ESE Spring Colloquium – “Provably Robust Algorithms for Prediction and Control”
February 24, 2022 at 11:00 AM - 12:00 PM
Organizer
Feedback-driven decision-making systems are at the emerging frontier of machine learning applications. Upcoming applications of societal consequence, such as self-driving vehicles and smartwatch-based health interventions, have to contend with the challenge of operating in reactive stateful environments. In this talk, I will describe my work on designing principled robust algorithms for feedback-driven learning, with provable guarantees on computational and statistical efficiency.
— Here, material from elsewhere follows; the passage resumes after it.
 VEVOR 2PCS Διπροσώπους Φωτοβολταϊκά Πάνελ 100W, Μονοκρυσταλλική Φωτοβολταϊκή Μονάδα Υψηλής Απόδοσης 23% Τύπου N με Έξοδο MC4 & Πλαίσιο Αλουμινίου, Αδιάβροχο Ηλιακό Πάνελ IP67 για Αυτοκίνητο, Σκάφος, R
First, I will introduce an efficient instance-optimal algorithm for control in the presence of adversarial disturbances. Beyond the realm of both stochastic and robust control, such a data-driven notion of optimality combines worst-case guarantees with a promise of exceptional performance on benign instances. Moving on to prediction, I will present a computationally and statistically efficient forecasting strategy for latent-state dynamical systems exhibiting long term dependencies, mitigating the statistical challenge of learning with correlated samples, and the computational difficulties associated with a non-convex maximum likelihood objective. To conclude, I will discuss some practically relevant fundamental questions at the intersection of machine learning, optimization, and control that have the potential to unlock real progress in downstream applications.